No doubt many contracting parties will attempt to argue that its obligations were rendered illegal by new legislation implemented by the government to control the virus; however, this doctrine requires the illegality to prohibit performance (as opposed to making it more difficult) and both the contract and the legislation will need to be carefully reviewed to ensure that a party was genuinely unable to perform.
Impact on Law Firms
Given the sheer volume of contracts likely to be affected by the Covid-19 pandemic, and the fact that many commercial clients will be under economic strain, law firms face a potential increase in negligence claims as clients attempt to recoup losses where they see potential to do so. In particular:
Most obviously, law firms face potential claims where there are no force majeure or equivalent performance-excusing terms in clients' contracts. Where there are such terms, law firms will be called upon to advise on their interpretation and effect, in circumstances where many of them will not expressly deal with pandemics (and may also have been drafted by the firms themselves).
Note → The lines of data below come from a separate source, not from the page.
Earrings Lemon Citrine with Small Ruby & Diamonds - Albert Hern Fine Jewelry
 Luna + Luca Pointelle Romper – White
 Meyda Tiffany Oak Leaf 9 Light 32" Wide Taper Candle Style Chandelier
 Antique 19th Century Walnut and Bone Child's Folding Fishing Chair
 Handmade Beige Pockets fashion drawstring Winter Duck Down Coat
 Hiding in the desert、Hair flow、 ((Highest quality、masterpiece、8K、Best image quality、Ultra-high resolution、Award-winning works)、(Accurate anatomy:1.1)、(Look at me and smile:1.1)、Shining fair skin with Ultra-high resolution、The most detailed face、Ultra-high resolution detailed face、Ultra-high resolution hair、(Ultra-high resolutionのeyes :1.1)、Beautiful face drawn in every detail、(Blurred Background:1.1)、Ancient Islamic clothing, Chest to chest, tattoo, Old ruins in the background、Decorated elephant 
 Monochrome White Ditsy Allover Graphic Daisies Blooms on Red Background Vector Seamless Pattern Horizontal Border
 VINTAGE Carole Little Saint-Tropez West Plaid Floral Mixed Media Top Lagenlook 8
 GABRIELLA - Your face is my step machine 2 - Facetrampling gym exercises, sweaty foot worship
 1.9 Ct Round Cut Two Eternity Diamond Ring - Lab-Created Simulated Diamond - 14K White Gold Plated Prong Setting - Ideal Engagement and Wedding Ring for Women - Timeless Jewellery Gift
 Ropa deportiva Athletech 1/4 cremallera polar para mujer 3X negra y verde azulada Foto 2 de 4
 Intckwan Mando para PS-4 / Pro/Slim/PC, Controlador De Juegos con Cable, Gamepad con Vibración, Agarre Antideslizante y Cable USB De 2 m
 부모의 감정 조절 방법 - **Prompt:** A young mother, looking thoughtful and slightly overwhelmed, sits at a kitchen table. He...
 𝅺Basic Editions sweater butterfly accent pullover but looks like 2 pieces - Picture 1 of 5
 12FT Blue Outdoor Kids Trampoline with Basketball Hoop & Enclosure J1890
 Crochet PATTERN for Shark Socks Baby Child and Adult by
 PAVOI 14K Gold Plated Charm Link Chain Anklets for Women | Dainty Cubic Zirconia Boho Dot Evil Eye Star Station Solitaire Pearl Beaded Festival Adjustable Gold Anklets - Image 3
In the context of an unprecedented event like Covid-19, some of these clauses will not respond and there will be uncertainty around many others – creating risk both for the drafting and (if different) potentially also the advising firm. For example, if a client is advised to terminate a contract on the basis of force majeure without proper grounds for doing so, this may constitute wrongful termination, a repudiatory breach entitling the other party to terminate the contract and seek damages.
Advice on frustration and illegality will undoubtedly also be sought, and solicitors will need to ensure that they understand the Covid-related legislation that might affect contracts from time to time. This represents an additional challenge to solicitors in circumstances where the legislation is new, unfamiliar, and has been brought in at very short notice.
In advising clients on the response to a contractual dispute, solicitors will need to ensure that all options are considered (e.g. is a negotiated solution with the other party a better option than invoking a contractual right?) and that contracts are thoroughly reviewed. For example, notice requirements may apply to a party seeking to exercise its rights under a force majeure clause.
Where mitigation of losses is not possible, or where a client believes that a force majeure provision will respond but this turns out not to be the case, law firms involved in the drafting of the contract may face claims e.g. for an alleged failure to (i) ensure the responsiveness of the force majeure clause; (ii) provide for a foreseeable event; or (iii) provide adequate advice as to contractual risks.
Differences between the English common law and the broader Civil law position on force majeure present further potential pitfalls where there is a cross-border element to a contract or series of related contracts.
Finally, law firms will need to be alert to the possibility of a conflict of interest arising, for example where a firm is advising a client on the effect of a force majeure clause that it drafted, and an issue arises with the drafting of that clause. Paragraph 6.1 of the SRA Code of Conduct prohibits a firm from acting if there is an own-interest conflict, or a significant risk of one arising, between the firm and the client. Firms will need to be alert to this and any other conduct issues that may arise before advising further. Regulatory scrutiny in the COVID-19 era will be the subject of our next briefing.